Why This World: A Biography of Clarice Lispector
- Author: Benjamin Moser
- Genre: Biography
- Published: 2009
- Publisher: Oxford University Press
- Pages: 479
- ISBN: 978-0-19-538556-4

= Why This World =

Biography of Clarice Lispector

Why This World: A Biography of Clarice Lispector is a book by Benjamin Moser published by Oxford University Press in 2009. Benjamin Moser details the majority of Clarice Lispector's life and then discusses the connections between her life and her work.

== Synopsis ==
Moser discusses how Clarice Lispector's work reflects her life, from her birth in Ukraine to her literary success in Brazil.

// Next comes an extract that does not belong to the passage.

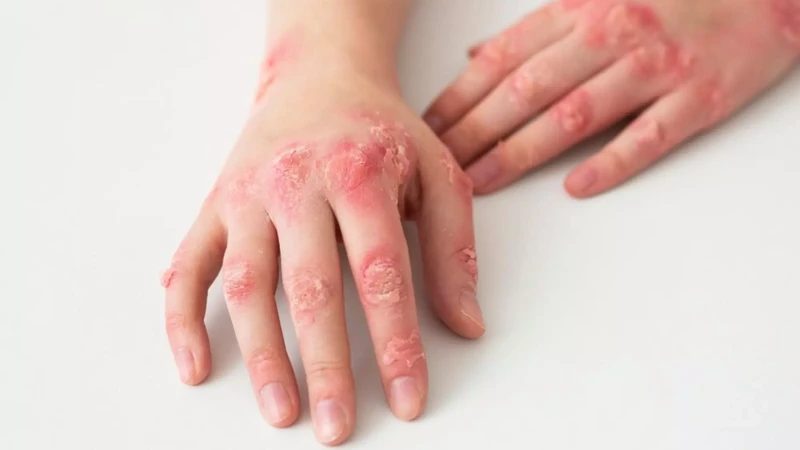Bệnh lupus ban đỏ có nguy hiểm không​? Những biến chứng nguy hiểm của bệnh 2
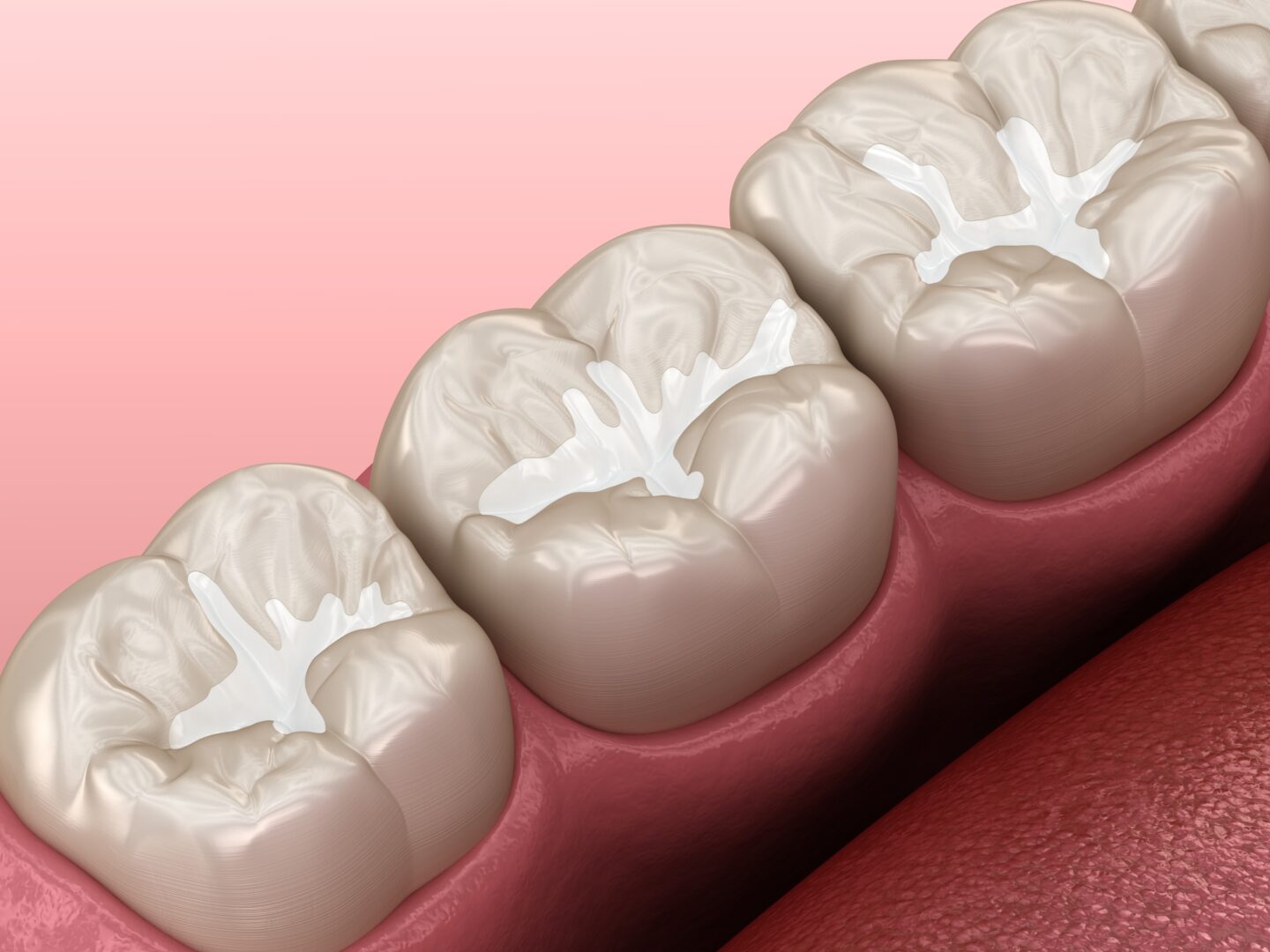 Dental Sealants Norton Shores MI | Community Shores Dental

He does this by citing her own texts, letters, other scholarly work and what few interviews there are of her. Moser goes into great detail on the connections that can be made between Lispector's writing and her life. Moser uses letters written to and from Lispector, Lispector's own sisters, Elisa Lispector's autobiography, interviews with Lispector and Lispector's own writings.

== Critical reception ==
Critical reception for Why This World was largely positive. Common praise for the book centered around Moser addressing many of Lispector's texts that were untranslated or not as widely read outside of Brazil, which one reviewer for Shofar stated brought more of her work to a wider audience. Reviewing the book for the Luso-Brazilian Review, Earl E. Fitz remarked on the book's handling of Lispector's texts that were lesser known outside of Brazil, criticizing it on how the texts were interpreted.

== Awards ==
Why This World was a 2009 National Book Critics Circle Award Biography finalist.